** Opening GIVEN RECORDS block **
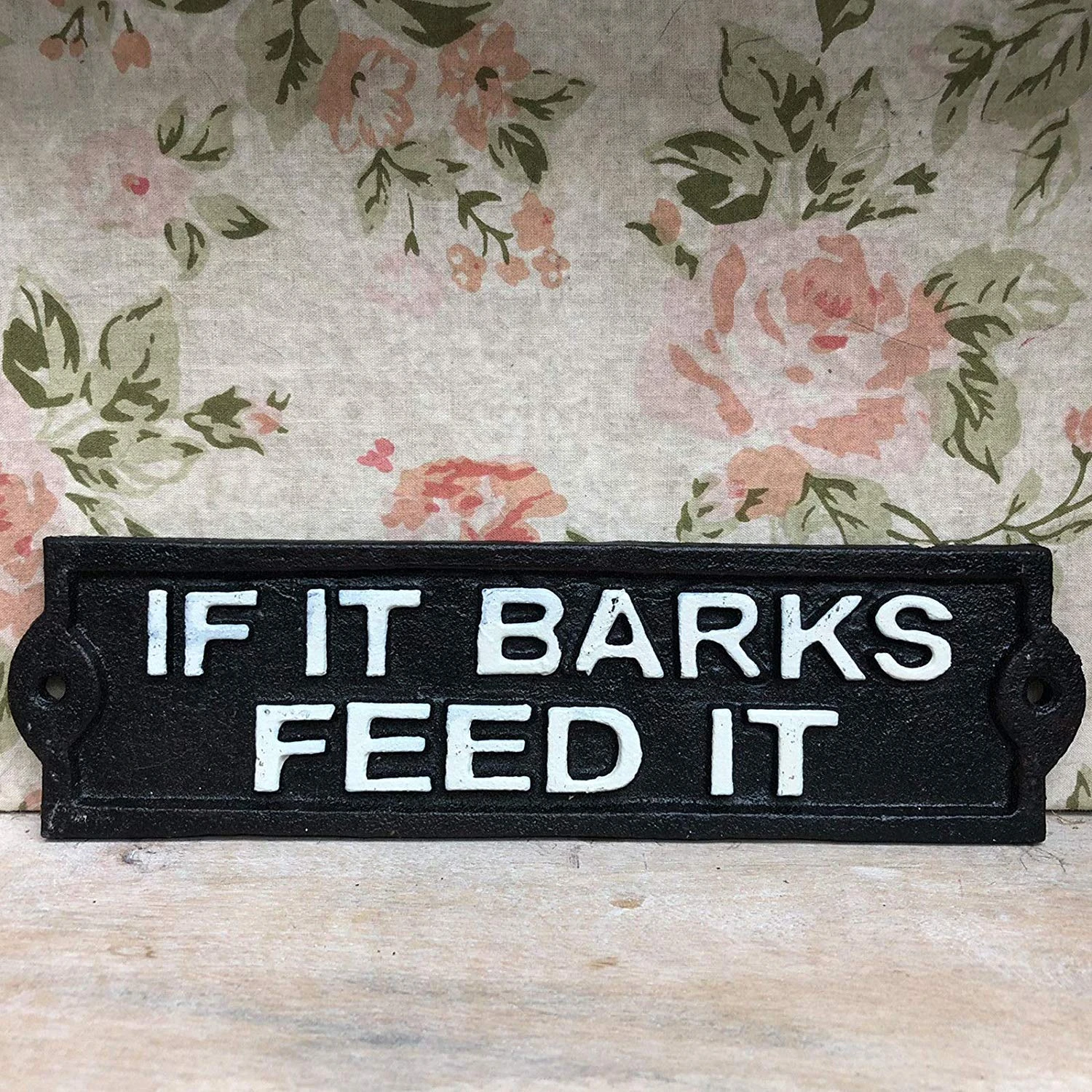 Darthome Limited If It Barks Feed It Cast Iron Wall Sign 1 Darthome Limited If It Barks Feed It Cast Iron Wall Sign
** Closing GIVEN RECORDS block **
** Opening GIVEN RECORDS block **
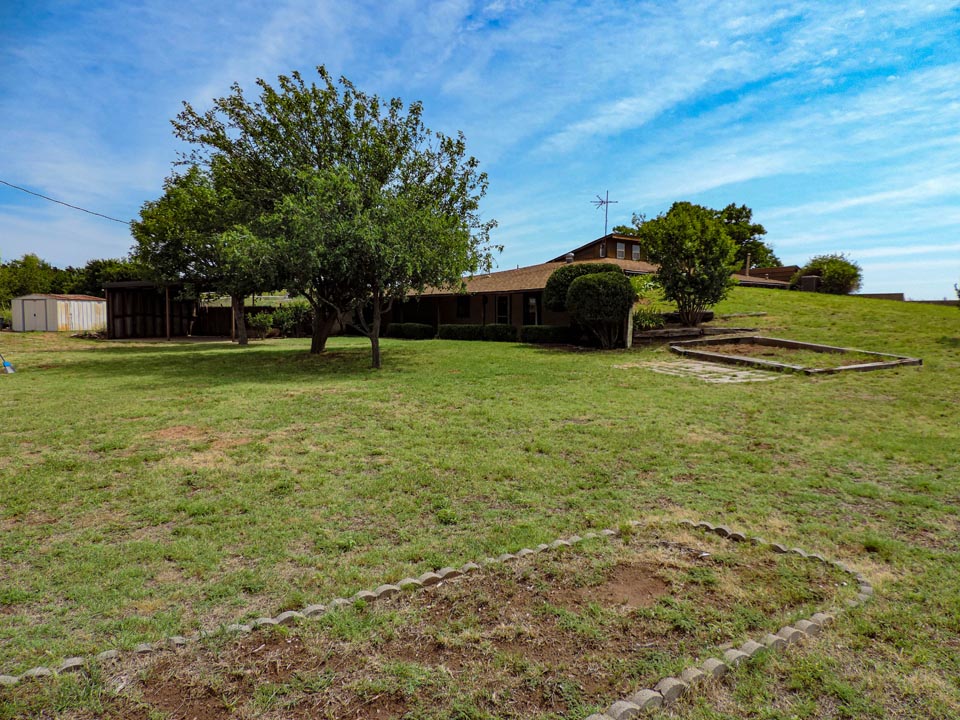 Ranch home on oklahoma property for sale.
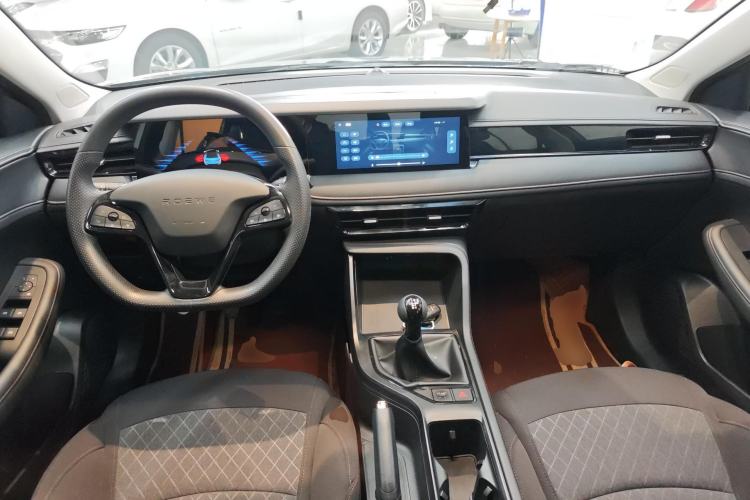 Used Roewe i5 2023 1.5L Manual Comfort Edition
** Closing GIVEN RECORDS block **
WHAT IS REQUIRED :: Retype only the lines above from the one with "Ranch home on oklahoma property for sale." through the one with "Used Roewe i5", exactly and with both ends. Images stay out.

EXERCISE SOLUTION ::
 Ranch home on oklahoma property for sale.
 Used Roewe i5 2023 1.5L Manual Comfort Edition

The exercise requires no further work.